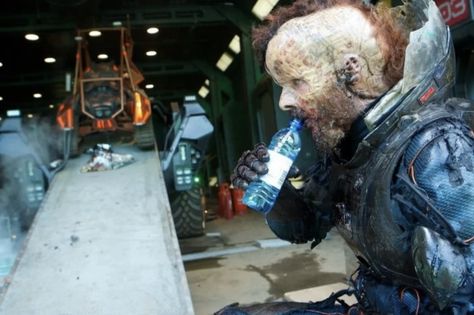 Prometheus 2012, Weyland Yutani, Sean Harris, Taking A Break, Twitter Search, Aliens, Movie Stars, Behind The Scenes, Sci Fi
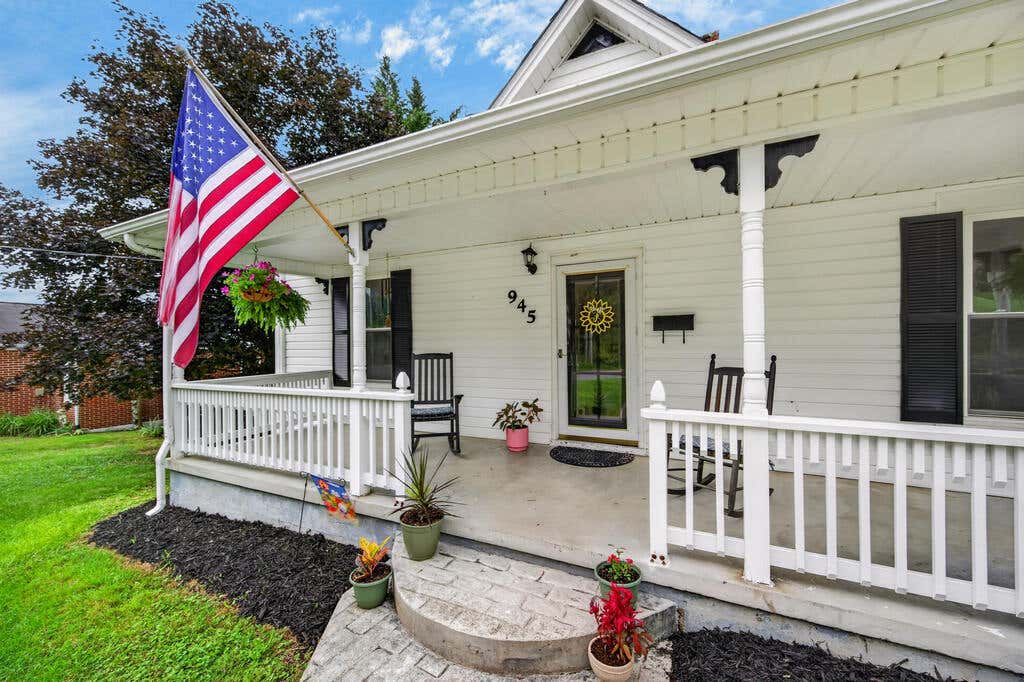 Photo of 945 Tazewell Street, Wytheville, VA 24382 (MLS # 111384)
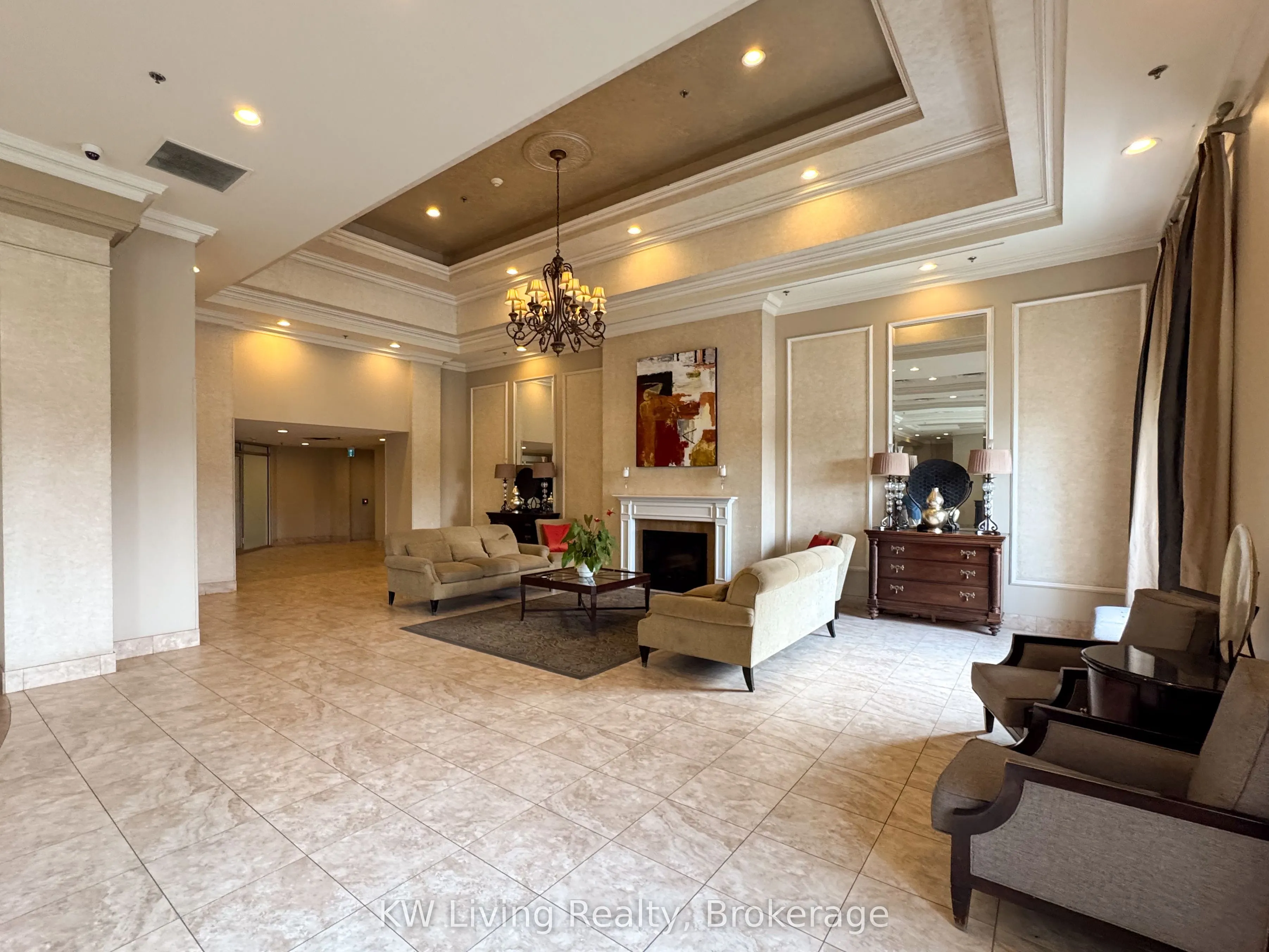 8 Maison Parc Court, #703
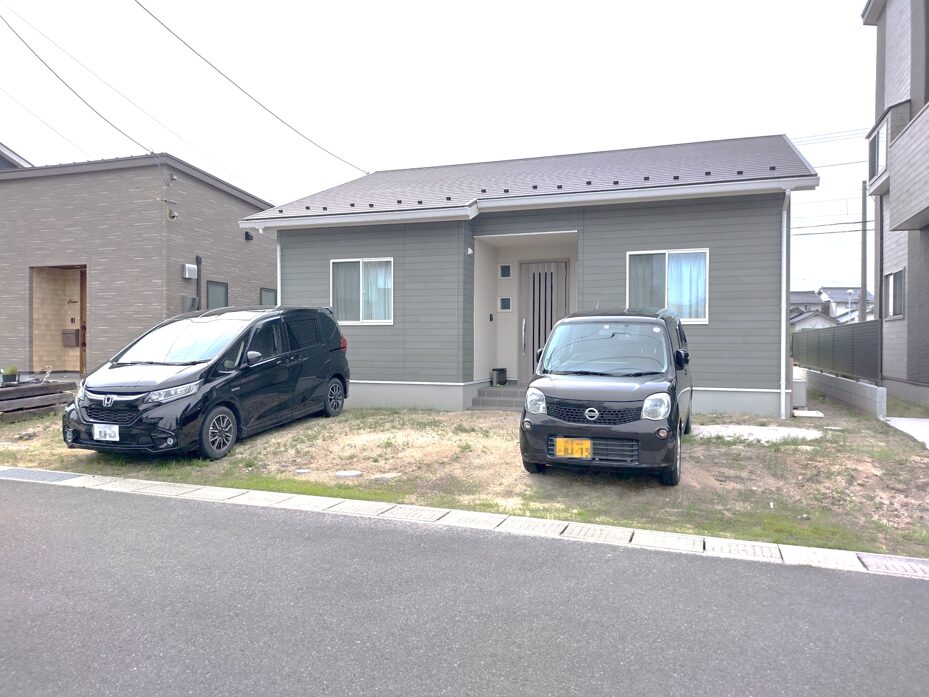 米子市 外構リフォーム 施工前の庭と駐車場の写真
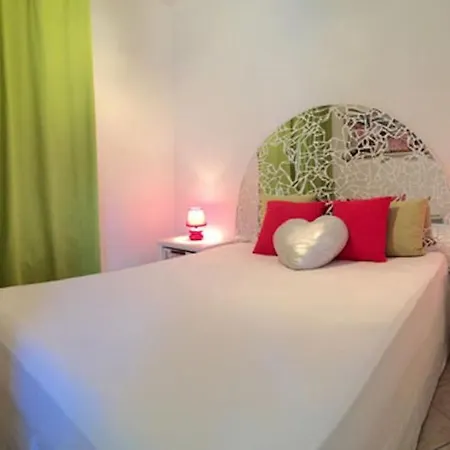 Le Clos Fleuri ★ N°10 Reverie Le Lavandou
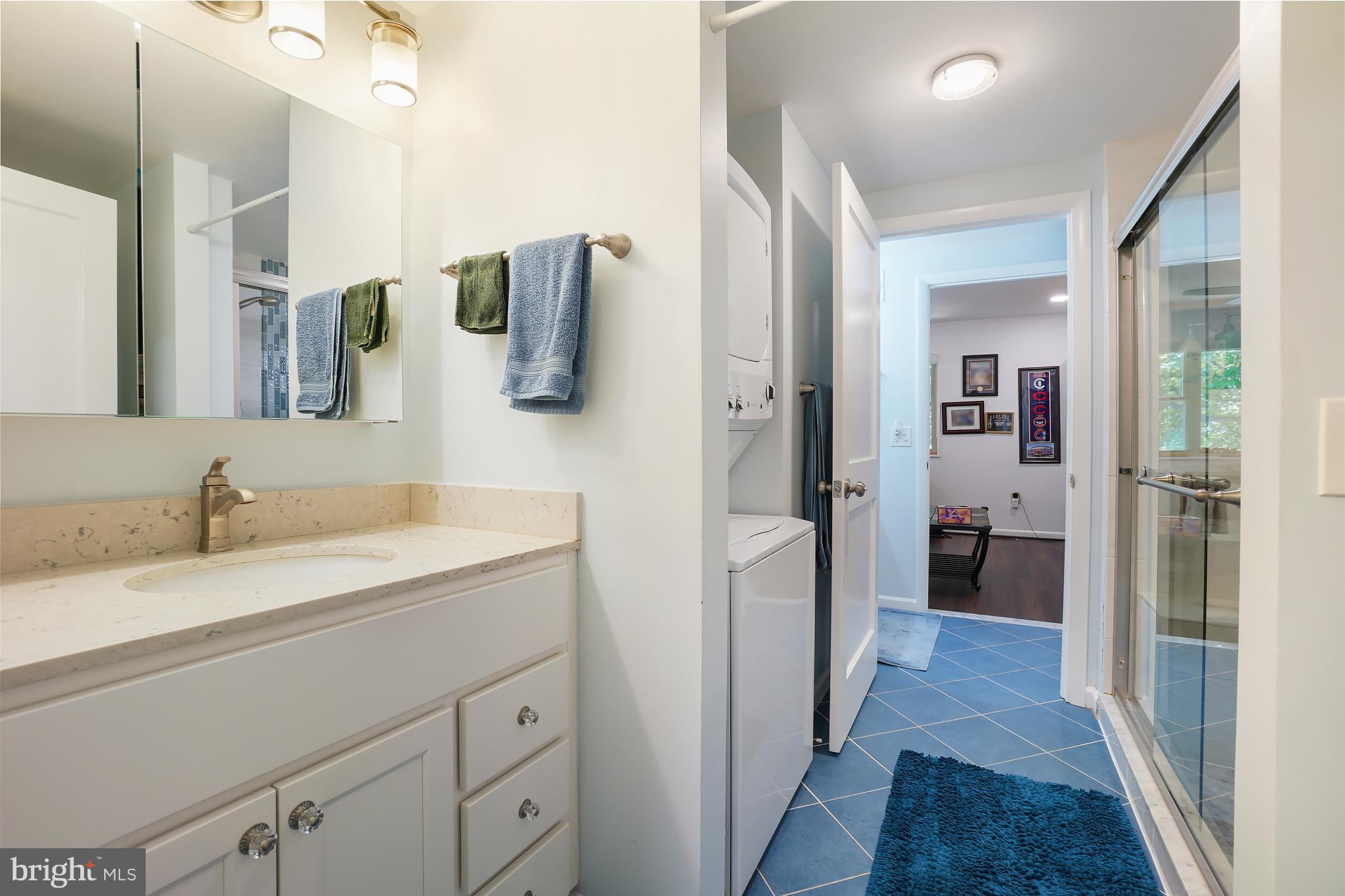 LEISURE WORLD - Residential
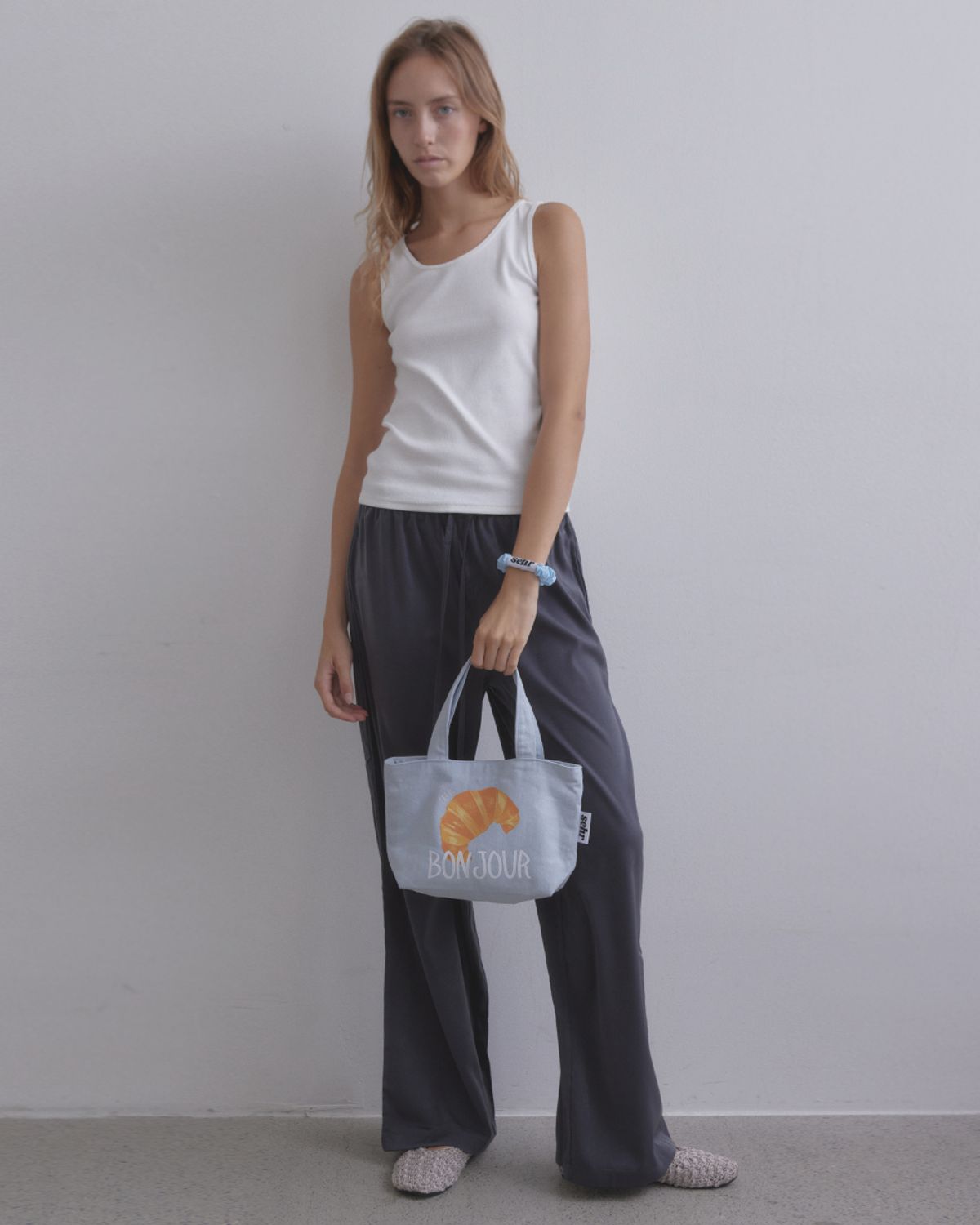 세르(SEHR) Croissant Cotton Boat Bag (Light Blue)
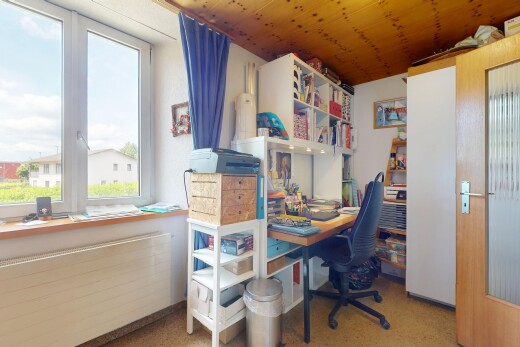 chambre avec radiateur, natural light, lumière naturelle, inside property, et espace bureau
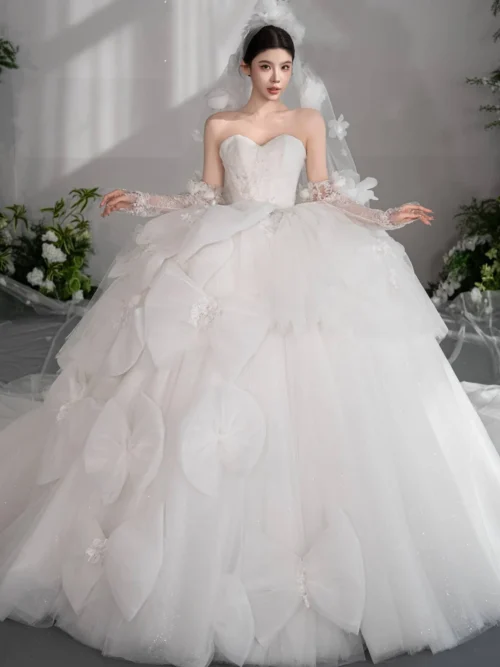 Graceful Ivory Wedding Dress Ball Gown Strapless Tiered Tulle Wedding Dress Simple Elegant Classic Bridal Gown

.....

== Assignment ==
Without any pictures, write out the lines running from the one containing "8 Maison Parc Court, #703" through the end of the listing above, both included, exactly as given.

== Response to this task ==
 8 Maison Parc Court, #703
 米子市 外構リフォーム 施工前の庭と駐車場の写真
 Le Clos Fleuri ★ N°10 Reverie Le Lavandou
 LEISURE WORLD - Residential
 세르(SEHR) Croissant Cotton Boat Bag (Light Blue)
 chambre avec radiateur, natural light, lumière naturelle, inside property, et espace bureau
 Graceful Ivory Wedding Dress Ball Gown Strapless Tiered Tulle Wedding Dress Simple Elegant Classic Bridal Gown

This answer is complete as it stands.